Material for this task
-- Opening Marker --
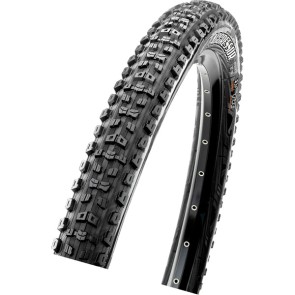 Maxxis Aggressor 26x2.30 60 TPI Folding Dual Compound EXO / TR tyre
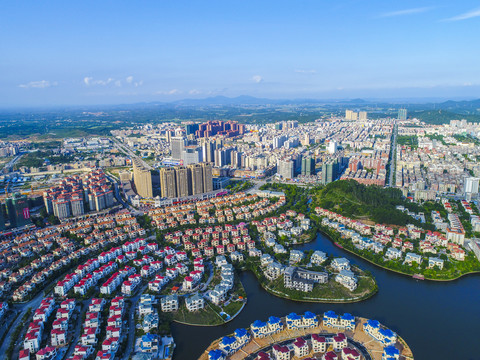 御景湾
-- Closing Marker --
-- Opening Marker --
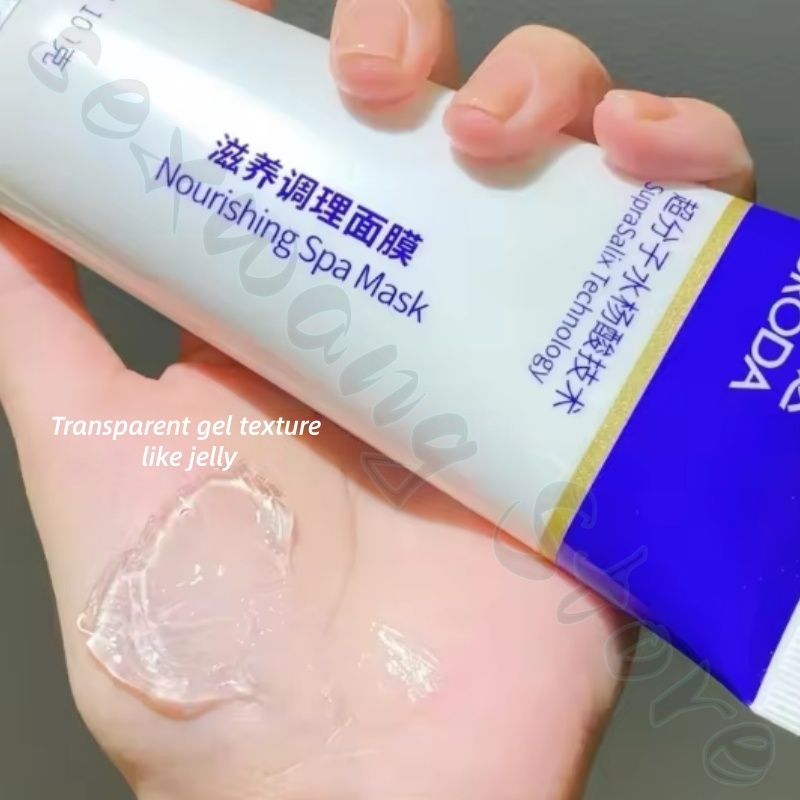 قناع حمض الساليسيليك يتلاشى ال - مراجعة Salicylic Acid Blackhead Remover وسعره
-- Closing Marker --
-- Opening Marker --
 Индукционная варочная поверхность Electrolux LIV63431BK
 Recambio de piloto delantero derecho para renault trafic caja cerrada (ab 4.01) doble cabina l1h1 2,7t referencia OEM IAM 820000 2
-- Closing Marker --
Instructions to follow
Repeat word for word the lines above that run from the line containing "Индукционная варочная поверхность" through the line containing "Recambio de piloto", both ends included, and nothing else.

Answer space
 Индукционная варочная поверхность Electrolux LIV63431BK
 Recambio de piloto delantero derecho para renault trafic caja cerrada (ab 4.01) doble cabina l1h1 2,7t referencia OEM IAM 820000 2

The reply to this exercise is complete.